Docs
SaaS Shield
Suite
Tenant Security Proxy
Deployment

Tenant Security Proxy Deployment

The Tenant Security Proxy (TSP) Docker container includes health check endpoints and some configuration options. We also have recommended starting points for computing resources and examples of deployment files that may be helpful in creating your own deployments.

Installation

The overview includes instructions for obtaining the Docker container image, obtaining the required configuration, and getting it running in a Kubernetes environment or locally in Docker. You can also check the Tenant Security Logdriver (TSL) overview and deployment sections to see how you can start the TSP (version 4.0.0 and after) and TSL together in your Kubernetes or local Docker environment.

Configuration

Outside of the configuration mentioned in the overview, there are several optional environment variables that allow for tuning. In general it is recommended that you don’t specify these (which will cause the container to use the default values) unless you are instructed to adjust them to resolve an issue.
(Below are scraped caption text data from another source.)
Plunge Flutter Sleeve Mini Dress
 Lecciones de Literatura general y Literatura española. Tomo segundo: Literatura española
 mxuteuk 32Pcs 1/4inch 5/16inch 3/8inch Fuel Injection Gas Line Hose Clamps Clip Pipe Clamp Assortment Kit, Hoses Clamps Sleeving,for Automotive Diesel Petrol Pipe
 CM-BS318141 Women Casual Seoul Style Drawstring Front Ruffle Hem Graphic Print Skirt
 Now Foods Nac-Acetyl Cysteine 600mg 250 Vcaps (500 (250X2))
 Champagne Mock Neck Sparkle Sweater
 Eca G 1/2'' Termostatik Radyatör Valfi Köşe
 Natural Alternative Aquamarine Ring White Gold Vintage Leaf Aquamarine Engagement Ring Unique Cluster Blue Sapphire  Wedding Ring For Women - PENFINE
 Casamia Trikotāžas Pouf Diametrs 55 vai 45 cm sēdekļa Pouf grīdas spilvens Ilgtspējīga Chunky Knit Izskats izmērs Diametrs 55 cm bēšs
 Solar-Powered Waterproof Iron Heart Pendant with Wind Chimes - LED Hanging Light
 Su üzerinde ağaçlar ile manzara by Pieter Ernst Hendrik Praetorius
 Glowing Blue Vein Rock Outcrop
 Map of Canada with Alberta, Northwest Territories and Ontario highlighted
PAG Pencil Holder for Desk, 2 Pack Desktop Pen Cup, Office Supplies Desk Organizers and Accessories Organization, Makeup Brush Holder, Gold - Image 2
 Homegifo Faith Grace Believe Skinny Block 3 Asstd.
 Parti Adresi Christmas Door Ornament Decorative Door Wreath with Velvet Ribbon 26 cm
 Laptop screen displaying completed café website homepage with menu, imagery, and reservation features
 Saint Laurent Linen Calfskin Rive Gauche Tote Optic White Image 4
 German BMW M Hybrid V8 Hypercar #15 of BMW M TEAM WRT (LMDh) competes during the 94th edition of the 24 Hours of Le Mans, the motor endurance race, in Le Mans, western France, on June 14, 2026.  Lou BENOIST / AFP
API_KEY_2. Default: Disabled. Optional second API key that can be used for authorization. Intended to be used when rotating API keys.
TSP_SEND_HIGH_WATER_MARK. Default: 25000. The high water mark for the PUSH socket, or the number of events the socket can hold before events will back up into its channel. Combine with TSP_EVENT_LOG_CHANNEL_SIZE for the total events that can be buffered by the TSP.
TSP_EVENT_LOG_CHANNEL_SIZE. Default: 25000. The number of logging events that can be buffered by the TSP without dropping any. Combine with TSP_SEND_HIGH_WATER_MARK for the total events that can be buffered by the TSP.
TSP_ENABLE_LOGDRIVER_INTEGRATION. Default: true. Flag to enable or disable integration with the TSL. If this TSP will never be connected to a TSL this should be set to false to avoid extra memory usage.
TSP_BIND_ADDRESS. Default: 0.0.0.0. IP address to bind for all services. This setting applies to all interfaces bound by the TSP, unless overridden by a more specific setting as listed below.
TSP_HTTP_BIND_ADDRESS. Default: TSP_BIND_ADDRESS:7777. IP or IP:PORT address to bind for the HTTP service used by the Alloy SDK.
TSP_HEALTH_BIND_ADDRESS. Default: TSP_BIND_ADDRESS:9000. IP or IP:PORT address to bind for the health service.
TSP_EVENT_BIND_ADDRESS. Default: TSP_BIND_ADDRESS:5555. IP or IP:PORT address to bind for the logs/security events producer.
AWS_ENDPOINT_URL. Default: null. URL for where to send AWS requests. This is for use with testing using LocalStack. It should not be set in production deployments.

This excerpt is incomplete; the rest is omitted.